What to do then? This brings us to Rule #1.
Use different (strong) passwords for different web-services.
I’ll not go into the details of what a strong password is. However, I can offer my two-cents. Passwords shouldn’t be predictable and they must be long enough (10 characters or more) to prevent a brute force attack. Examples of good passwords: lWhZo9inVos0, D0Ra8MD5mM24 etc. Tools are available that can help you generate strong passwords.
Okay, but we can’t possibly remember (such complex) log-in details of all web-services. Yes, we can log-in using our Google, Facebook, Twitter account on web-services which do provide this feature but some of them don’t. This brings us to Rule #2.
Use password managers.
Password managers are web-services and apps that help you to store and manage your log-in credentials for different web-services. Apart from helping you to create and store strong passwords, they expedite the web-service authentication process. They’re available as Ad-Ons for popular web-browsers and as apps for Android & iOS. For example, I have been using LastPass for the past couple of years and the experience has been great. However, you can do your own research and choose the password manager of your choice.

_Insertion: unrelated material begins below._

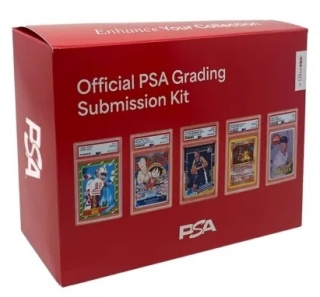 Official PSA Grading Submission Kit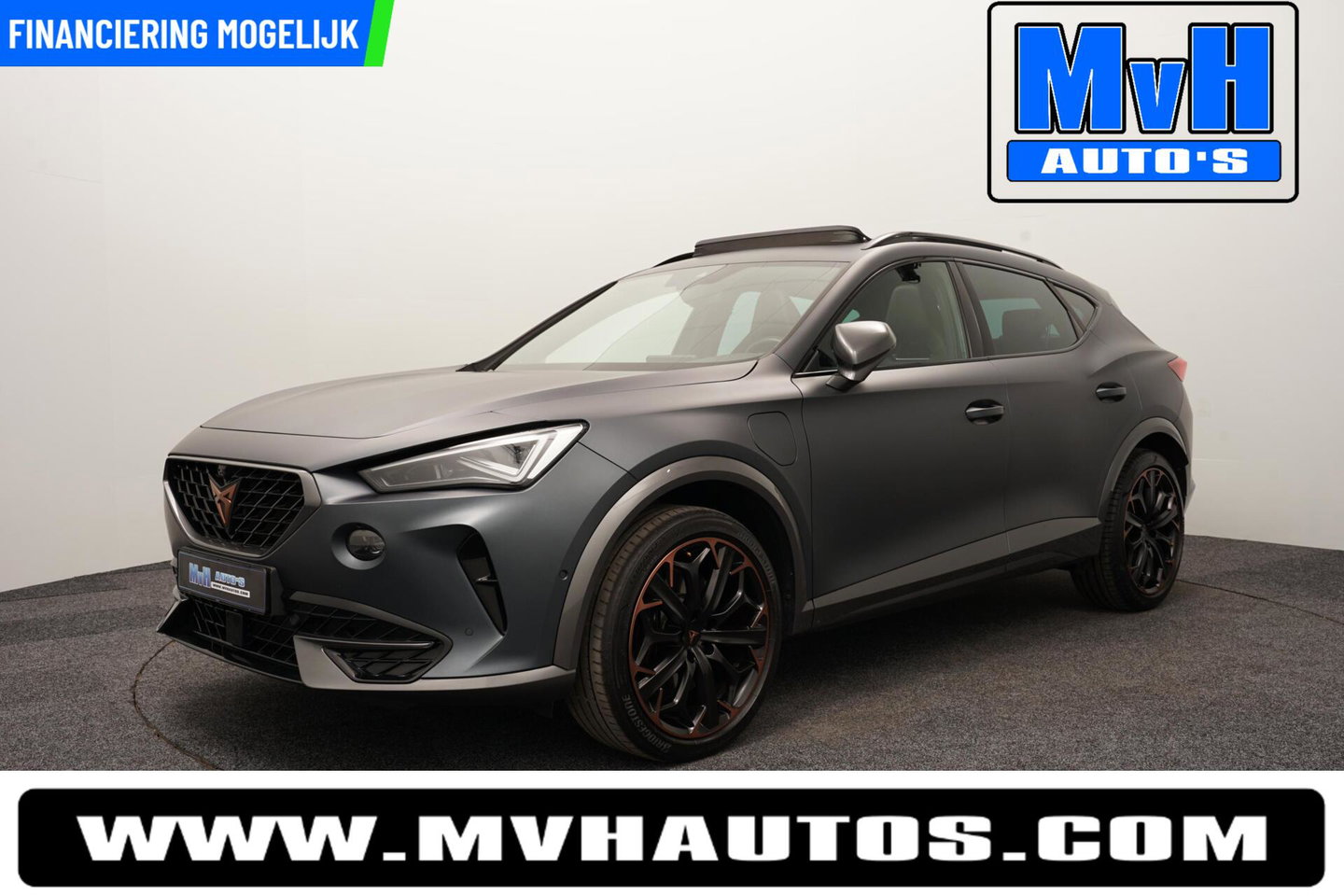 CUPRA Formentor 1.4 PHEV VZ Performance|PANO|KUIPSTOEL|TREKH|SOH98%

Okay, great! But we’re putting all our eggs in one basket. What if the password manager gets hacked? The hackers would have access to all the web-services we use. That is a valid concern. We can’t rule out this possibility. However, since it’s the bread and butter of password managers to secure their customer’s data, it’s highly likely that they’re putting their best efforts in employing the security best practices. Nevertheless, how to mitigate this risk? Rule #3.
Use Multi-Factor Authentication (MFA).
MFA adds an extra layer of security to your web-service accounts. MFA can be in the form of a one-time password (OTP) being sent to your mobile number or using apps such as Authenticator.
This is all good! But what if I loose my MFA device (mobile-phone)? Rule #4.
Keep your account-recovery info up-to-date.
Make sure that your web-service account recovery details are up-to-date and correct. When setting up the MFA using the Authenticator app, you are provided with the recovery codes. Please store them securely in a place where no-one except you can access them. Don’t forget where you kept them.
Keeping your digital identification information secure is the responsibility of both, you and the web-service providers. If both the parties employ security best practices and guidelines, it will enable the safe and secure use of digital services, helping our society move forward.